* Information given:
_____

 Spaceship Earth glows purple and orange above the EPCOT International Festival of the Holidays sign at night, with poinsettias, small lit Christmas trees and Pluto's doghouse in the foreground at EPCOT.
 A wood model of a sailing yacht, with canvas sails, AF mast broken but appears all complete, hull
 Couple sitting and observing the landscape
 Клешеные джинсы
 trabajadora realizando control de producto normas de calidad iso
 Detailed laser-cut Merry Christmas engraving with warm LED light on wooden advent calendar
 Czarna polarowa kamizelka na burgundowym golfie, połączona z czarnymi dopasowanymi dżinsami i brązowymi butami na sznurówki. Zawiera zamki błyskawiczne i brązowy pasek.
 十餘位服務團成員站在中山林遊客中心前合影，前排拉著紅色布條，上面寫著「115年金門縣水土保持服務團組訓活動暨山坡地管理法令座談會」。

_____

* Prompt:
Reproduce every line from the entries that holds the word "Christmas".

* Task solution:
 Spaceship Earth glows purple and orange above the EPCOT International Festival of the Holidays sign at night, with poinsettias, small lit Christmas trees and Pluto's doghouse in the foreground at EPCOT.
 Detailed laser-cut Merry Christmas engraving with warm LED light on wooden advent calendar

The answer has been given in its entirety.